Due: Friday, Sep 16 by 11:59 pm.

Introduction

The purpose of this homework is to make sure that you can function on the class cluster. You may ask for guidance from me, from others in the class, or from your fairy godmother, but please make sure that you understand how to do each of the tasks below for yourself. As evidence that you've actually tried this out, you should submit the files membench.out and membench.pdf (generated as described below) through CMS.

  1. Log into crocus. You may want to refer to the cluster info on the course web page. If you decide not to change your password, please at least copy it to a safe location; the file you received by Dropbox will become inaccessible after 14 days.

  2. Get membench.tgz into your crocus directory. You can do this either by downloading it to your machine and uploading it using sftp, or by typing wget http://www.cs.cornell.edu/~bindel/class/cs5220-f11/code/membench.tgz at the shell on crocus to download the file there directly.

  3. Unpack the membench program with the command tar -xzf membench.tgz. This will create a directory called membench that contains the program source, a Makefile, and a plotting script.
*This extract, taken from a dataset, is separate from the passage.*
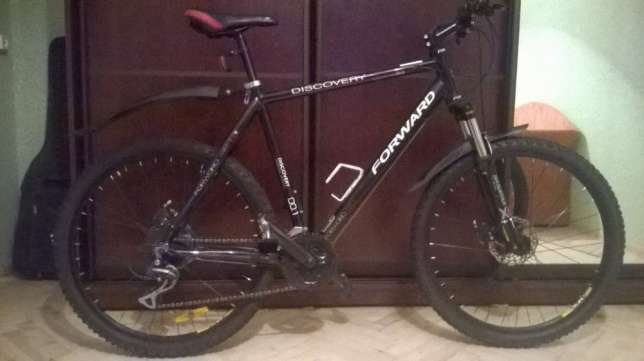 363737532_1_644x461_-samyy-luchshiy-velosiped-forward-discovery-001-kiv.jpg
  4. Change to the membench directory and type make to create the membench executable.

  5. To run the program, type make run_sge. This will automagically create a script that runs membench on the cluster compute nodes. You should not run membench directly on the front-end node. Note that you should similarly use make run (or make run-basic, etc) to run the matrix multiply timers on the cluster compute nodes when you start the first project.

  6. The make run command will return almost immediately, but it will actually take a few moments to run membench on the compute nodes.
    Drum your fingers, make a sandwich, or go for a walk. You can see whether your job is waiting, running, or complete by typing qstat at the shell on crocus.

  7. When the program is done running, type make membench.pdf in order to make nice-looking plots of the raw output file (membench.out).

  8. Download membench.pdf and membench.out to your local machine. You might be interested in looking at membench.pdf. The cache line length is 64 bytes; if you look at the behavior at stride 64, can you see the four basic memory access times for a hit in L1, a hit in L2, a hit in L3, and an access to main memory? If you have a few free moments, you might amuse yourself by trying to identify how the features of the memory hierarchy (which are described on the cluster info page) show up in the plots.

  9. To complete the assignment, submit your membench.out (as results.txt, since CMS won't let me require two files that differ only in their extension) and membench.pdf on CMS.